**DESCRIPTION OF THE TASK**.
The answer must be only the lines below from the one holding "Track through forest." down to the one holding "AQA A level Biology Photosynthesis", ends included, printed exactly; please omit all pictures.

**EXCERPTED RECORDS**.
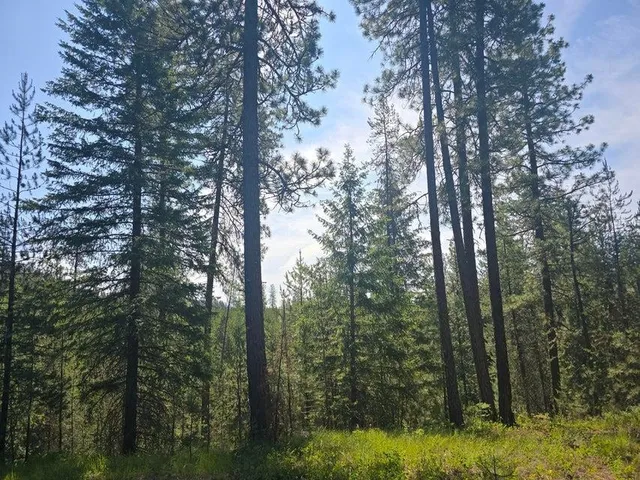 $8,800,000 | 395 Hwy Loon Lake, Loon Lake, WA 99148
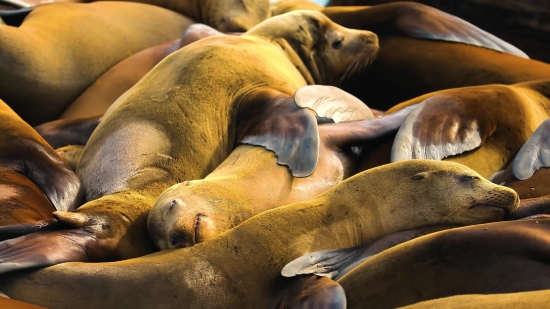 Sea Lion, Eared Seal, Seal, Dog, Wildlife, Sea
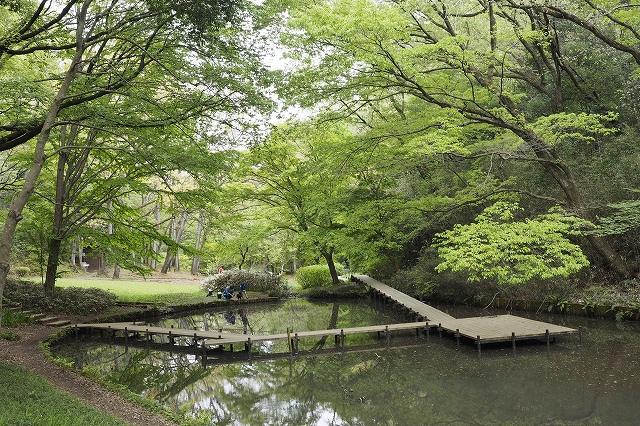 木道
---
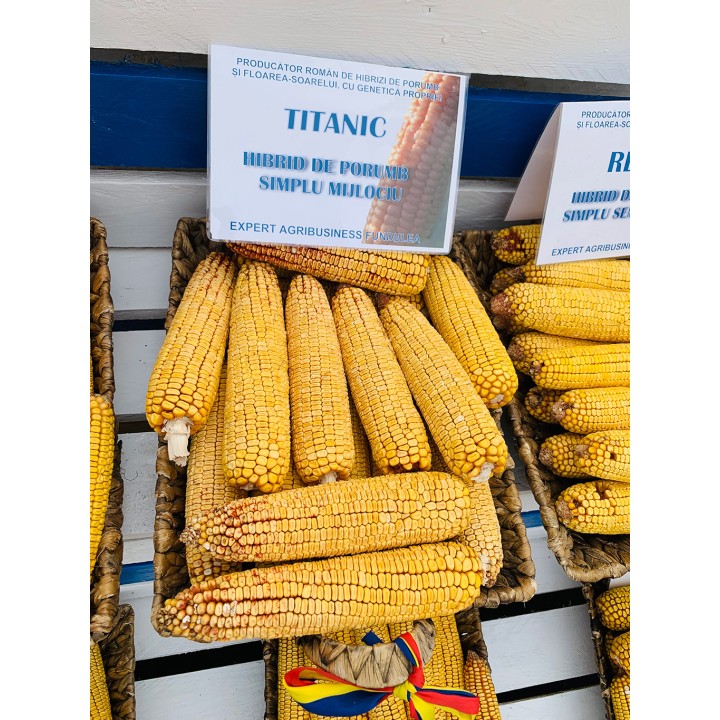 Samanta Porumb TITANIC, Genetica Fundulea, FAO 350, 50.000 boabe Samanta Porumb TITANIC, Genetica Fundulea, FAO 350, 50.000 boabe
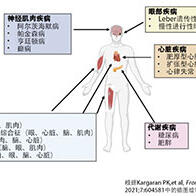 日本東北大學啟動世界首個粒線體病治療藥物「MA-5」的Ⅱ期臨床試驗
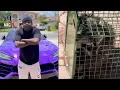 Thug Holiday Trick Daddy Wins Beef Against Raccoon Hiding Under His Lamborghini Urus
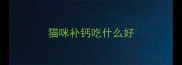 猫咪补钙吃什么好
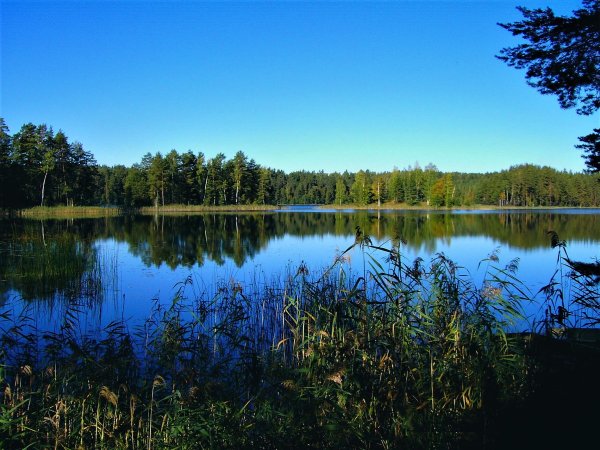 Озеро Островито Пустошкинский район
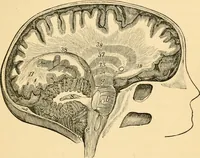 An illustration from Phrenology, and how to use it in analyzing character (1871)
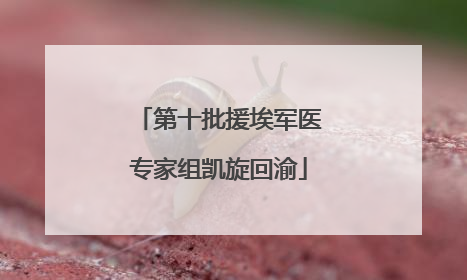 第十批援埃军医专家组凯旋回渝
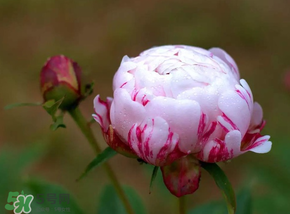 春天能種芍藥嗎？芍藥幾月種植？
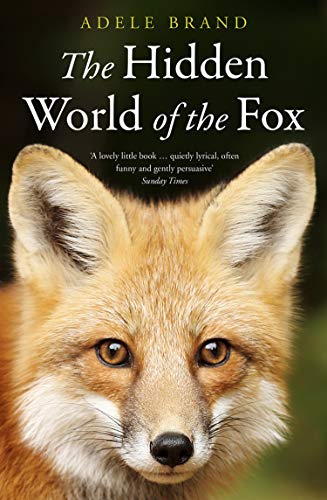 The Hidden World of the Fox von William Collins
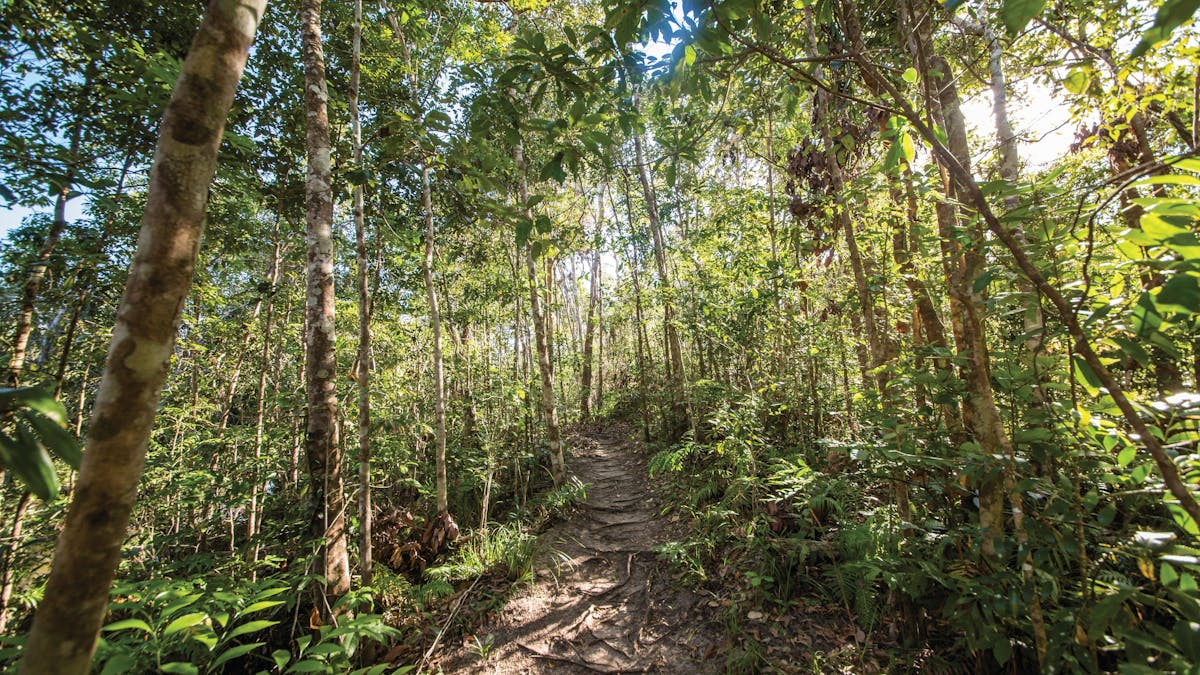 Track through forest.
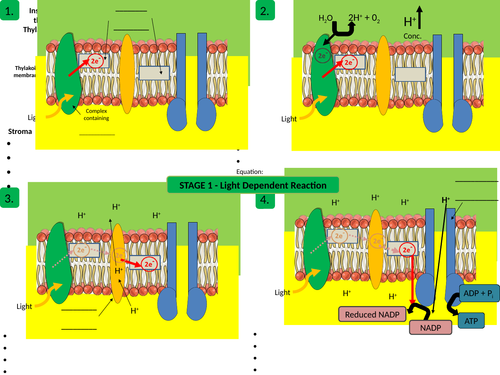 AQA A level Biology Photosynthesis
---
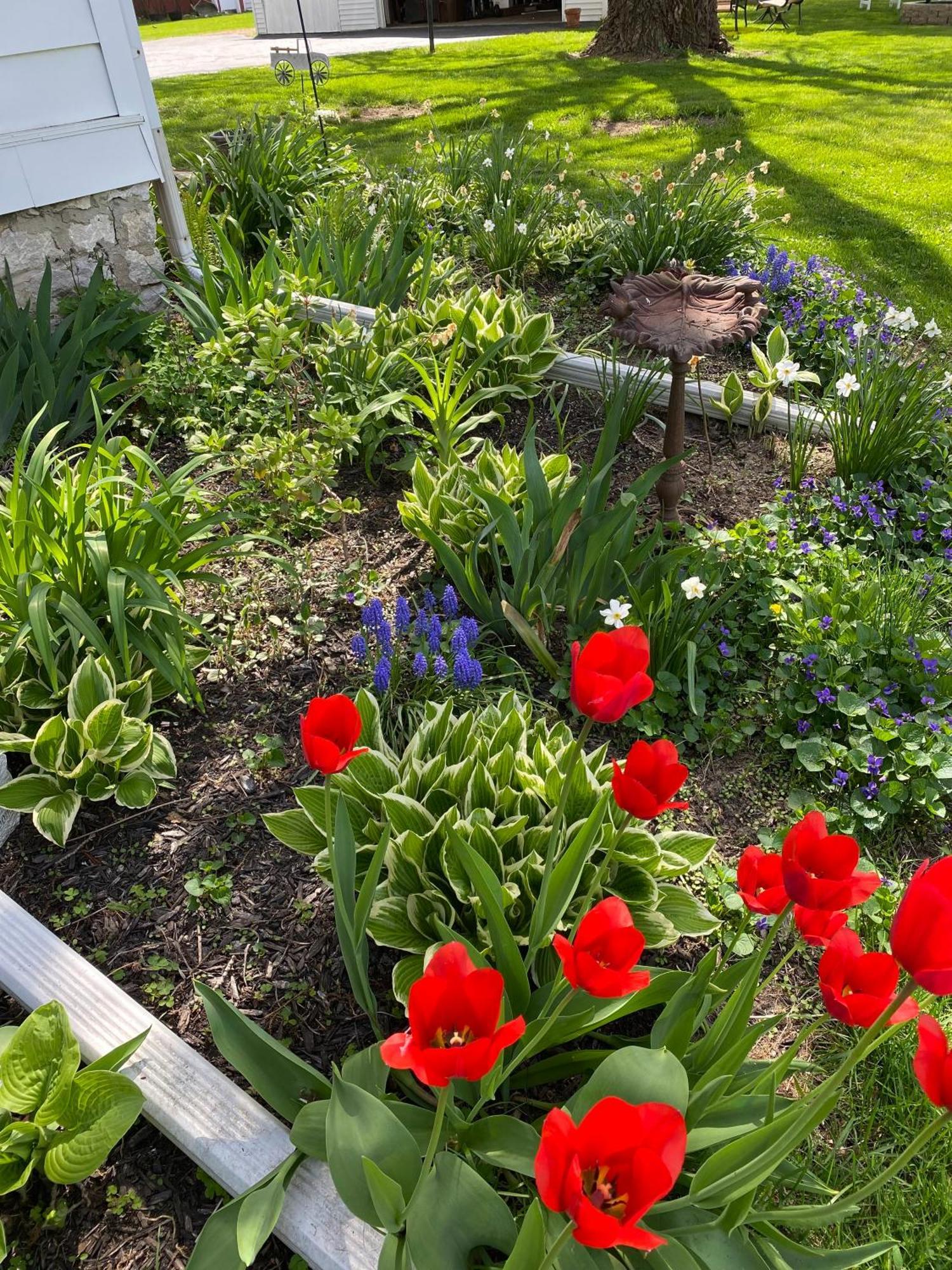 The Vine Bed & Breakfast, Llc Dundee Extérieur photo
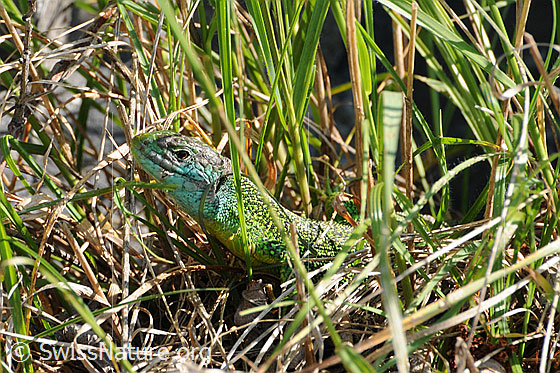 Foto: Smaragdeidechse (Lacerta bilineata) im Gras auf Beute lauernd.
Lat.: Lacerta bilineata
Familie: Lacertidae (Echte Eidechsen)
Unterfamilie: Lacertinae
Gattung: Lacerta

**SOLUTION BELOW**.
 Track through forest.
 AQA A level Biology Photosynthesis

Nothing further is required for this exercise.